Theranostics is an emerging technology, which is defined as a combination of therapy and diagnostic imaging. Due to its potential to be targeted in a specific manner to the site of disease and reduce or eliminate the possible numerous untoward side effects, theranostics has attracted considerable attention.^1,2 Until now, various imaging techniques have been used for theranostics, such as ultrasound,³ computed tomography (CT),⁴ positron emission tomography (PET)⁵ and magnetic resonance imaging (MRI).⁶ However, these methods always suffered from some drawbacks, including poor resolution and high costs.⁷ In contrast to these conventional methods, naphthalimide-based fluorescence imaging has been developing rapidly due to the advantages of low cost, convenient preparation and high resolution.^8–11

Biological thiols including glutathione (GSH), cysteine (Cys) and homocysteine (Hcy) always play crucial roles in biological systems.^12–17 An abnormal level of biothiols could be an indicator in many diseases. Given that cancer cells have much higher intracellular glutathione (GSH) concentration than normal cells and tissues, considerable efforts have been devoted to the development of GSH-activatable prodrugs.^18–20 Due to its high sensitivity and rapid response to the disulfide bond, GSH has been broadly utilized as a trigger to cleave the disulfide-containing prodrug and release the active drug. For instance, Zhou et al. designed and synthesized a prodrug for cancer treatment by conjugating a naphthalimide derivative and chlorambucil (CLB) via a disulfide linker.²¹ Kim et al. also conjugated a naphthalimide derivative with camptothecin (CPT) using a disulfide linker, which was highly desirable for in situ fluorescence-tracking of cancer chemotherapy.²²

As an important sterol, vitamin D plays a critical role in calcium homeostasis and bone mineralization and also regulates the proliferation and differentiation of various types of cancer cells.^23–27 However, there has been no report about vitamin D-based theranostic prodrug before. Inspired by this and as continuation of our study, herein, we report a novel theranostic prodrug, which can release vitamin D₂ in the presence of GSH and exhibit distinct fluorescence variation.^28–30

2 Results and discussion

2.1 Design and synthesis of prodrug

The theranostic prodrug was designed using three elements. (1) A naphthalimide derivative served as fluorescent reporter, which could be synthesized conveniently from the corresponding 1,8-naphthalic anhydrides by reacting with ethylamine. (2) A disulfide linker that could be cleaved by GSH with high sensitivity and rapid response. (3) An anticancer drug vitamin D₂, which could be used to regulate gene expression in functions as varied as calcium and phosphate homeostasis, cancer cell growth regulation and differentiation.

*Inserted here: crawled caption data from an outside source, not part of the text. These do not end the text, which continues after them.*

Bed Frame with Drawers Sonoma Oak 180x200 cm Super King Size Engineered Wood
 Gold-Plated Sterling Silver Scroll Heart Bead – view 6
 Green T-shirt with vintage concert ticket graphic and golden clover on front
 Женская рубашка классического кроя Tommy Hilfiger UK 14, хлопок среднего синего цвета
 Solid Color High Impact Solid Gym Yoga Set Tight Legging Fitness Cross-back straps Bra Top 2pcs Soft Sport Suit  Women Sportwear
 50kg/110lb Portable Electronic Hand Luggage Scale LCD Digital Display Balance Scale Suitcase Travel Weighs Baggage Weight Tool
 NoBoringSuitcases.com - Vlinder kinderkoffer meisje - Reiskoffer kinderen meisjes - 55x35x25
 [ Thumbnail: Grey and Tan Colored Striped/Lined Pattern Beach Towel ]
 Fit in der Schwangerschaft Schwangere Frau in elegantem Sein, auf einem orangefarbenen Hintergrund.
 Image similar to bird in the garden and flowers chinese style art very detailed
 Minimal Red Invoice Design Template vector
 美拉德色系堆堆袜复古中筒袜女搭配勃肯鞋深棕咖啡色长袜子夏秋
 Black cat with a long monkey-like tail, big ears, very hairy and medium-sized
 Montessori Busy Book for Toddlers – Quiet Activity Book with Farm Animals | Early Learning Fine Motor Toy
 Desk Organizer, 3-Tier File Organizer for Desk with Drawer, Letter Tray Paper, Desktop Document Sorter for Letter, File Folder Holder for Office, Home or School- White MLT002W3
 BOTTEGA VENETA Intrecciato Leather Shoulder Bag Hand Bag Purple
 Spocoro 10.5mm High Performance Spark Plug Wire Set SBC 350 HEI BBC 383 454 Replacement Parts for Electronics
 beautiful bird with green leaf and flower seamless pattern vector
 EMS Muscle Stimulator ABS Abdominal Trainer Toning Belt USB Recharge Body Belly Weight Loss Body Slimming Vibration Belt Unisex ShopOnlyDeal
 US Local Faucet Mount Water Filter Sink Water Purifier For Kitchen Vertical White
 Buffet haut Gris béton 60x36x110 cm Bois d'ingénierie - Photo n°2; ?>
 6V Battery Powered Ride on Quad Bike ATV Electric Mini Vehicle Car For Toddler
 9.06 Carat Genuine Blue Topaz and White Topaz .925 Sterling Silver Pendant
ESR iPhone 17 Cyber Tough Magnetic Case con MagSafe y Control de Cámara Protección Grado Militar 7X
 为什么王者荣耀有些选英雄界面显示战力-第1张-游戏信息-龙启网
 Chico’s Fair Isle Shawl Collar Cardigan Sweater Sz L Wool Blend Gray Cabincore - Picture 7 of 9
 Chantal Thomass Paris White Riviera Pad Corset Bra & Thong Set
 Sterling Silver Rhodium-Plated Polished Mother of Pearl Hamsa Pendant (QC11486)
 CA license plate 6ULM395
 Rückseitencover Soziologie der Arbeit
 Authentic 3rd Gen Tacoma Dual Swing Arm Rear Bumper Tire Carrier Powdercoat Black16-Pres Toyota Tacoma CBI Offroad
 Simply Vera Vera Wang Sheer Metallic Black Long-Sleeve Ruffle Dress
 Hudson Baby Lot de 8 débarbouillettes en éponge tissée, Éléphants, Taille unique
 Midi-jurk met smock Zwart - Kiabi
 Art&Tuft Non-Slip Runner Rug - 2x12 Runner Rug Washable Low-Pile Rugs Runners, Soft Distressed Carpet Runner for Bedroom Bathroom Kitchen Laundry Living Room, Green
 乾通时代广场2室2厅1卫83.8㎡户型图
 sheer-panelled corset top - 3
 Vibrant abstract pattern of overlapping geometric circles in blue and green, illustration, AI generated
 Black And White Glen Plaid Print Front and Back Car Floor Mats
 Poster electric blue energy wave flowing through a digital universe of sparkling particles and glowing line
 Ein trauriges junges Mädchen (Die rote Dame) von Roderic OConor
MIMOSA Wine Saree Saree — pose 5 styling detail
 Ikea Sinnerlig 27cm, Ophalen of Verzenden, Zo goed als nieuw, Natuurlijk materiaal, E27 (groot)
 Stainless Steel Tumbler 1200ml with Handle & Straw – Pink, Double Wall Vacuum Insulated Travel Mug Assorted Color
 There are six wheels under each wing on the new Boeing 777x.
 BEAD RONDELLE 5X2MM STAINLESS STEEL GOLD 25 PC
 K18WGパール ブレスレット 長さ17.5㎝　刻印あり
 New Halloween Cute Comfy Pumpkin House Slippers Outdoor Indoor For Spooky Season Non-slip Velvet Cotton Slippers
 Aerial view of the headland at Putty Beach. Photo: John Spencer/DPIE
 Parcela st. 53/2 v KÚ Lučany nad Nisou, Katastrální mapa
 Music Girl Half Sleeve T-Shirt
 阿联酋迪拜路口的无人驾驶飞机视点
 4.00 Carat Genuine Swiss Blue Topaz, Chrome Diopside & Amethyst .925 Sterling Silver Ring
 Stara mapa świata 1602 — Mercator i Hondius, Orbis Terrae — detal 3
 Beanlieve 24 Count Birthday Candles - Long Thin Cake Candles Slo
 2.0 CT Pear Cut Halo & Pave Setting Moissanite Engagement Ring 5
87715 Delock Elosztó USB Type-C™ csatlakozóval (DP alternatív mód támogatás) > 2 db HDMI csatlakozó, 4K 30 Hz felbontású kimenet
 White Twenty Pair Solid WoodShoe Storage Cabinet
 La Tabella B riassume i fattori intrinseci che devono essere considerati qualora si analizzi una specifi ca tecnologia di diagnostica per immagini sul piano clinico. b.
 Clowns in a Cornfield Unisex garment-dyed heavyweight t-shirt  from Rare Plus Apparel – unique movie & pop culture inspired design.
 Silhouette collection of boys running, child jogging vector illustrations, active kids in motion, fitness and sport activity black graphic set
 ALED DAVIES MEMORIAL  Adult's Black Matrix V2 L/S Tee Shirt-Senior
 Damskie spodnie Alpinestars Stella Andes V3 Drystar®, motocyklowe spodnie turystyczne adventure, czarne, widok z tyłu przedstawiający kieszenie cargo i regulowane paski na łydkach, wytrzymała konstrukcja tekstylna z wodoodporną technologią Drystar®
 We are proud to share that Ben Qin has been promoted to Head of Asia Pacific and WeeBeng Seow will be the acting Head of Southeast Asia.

Treatment of 4-bromo-1,8-naphthalic anhydride in DMF with sodium azide at room temperature provided the compound 2. It was then reduced with H₂ and 10% Pd/C as catalyst to afford the compound 3. Without any purification, the obtained naphthalic anhydride was condensed with ethylamine to give the key intermediate 4, which was then reacted with triphosgene and 2,2-dithiolethanol to afford compound 5. Finally, the desired theranostic prodrug was obtained by reacting compound 5 with vitamin D₂ (Scheme 1). The structure of prodrug was characterized by ¹H NMR, ¹³C NMR and HRMS.

Scheme 1 Synthesis of prodrug (a) NaN₃, DMF, 89.3%; (b) 10% Pd/C, H₂, DMF, 36 h, 80.1%; (c) ethylamine, ethanol, 4 h, 89.1%; (d) triphosgene, triethylamine, 2-hydroxyethyl disulfide, DCM, 73.2%; (e) triphosgene, triethylamine, vitamin D₂, 39.1%.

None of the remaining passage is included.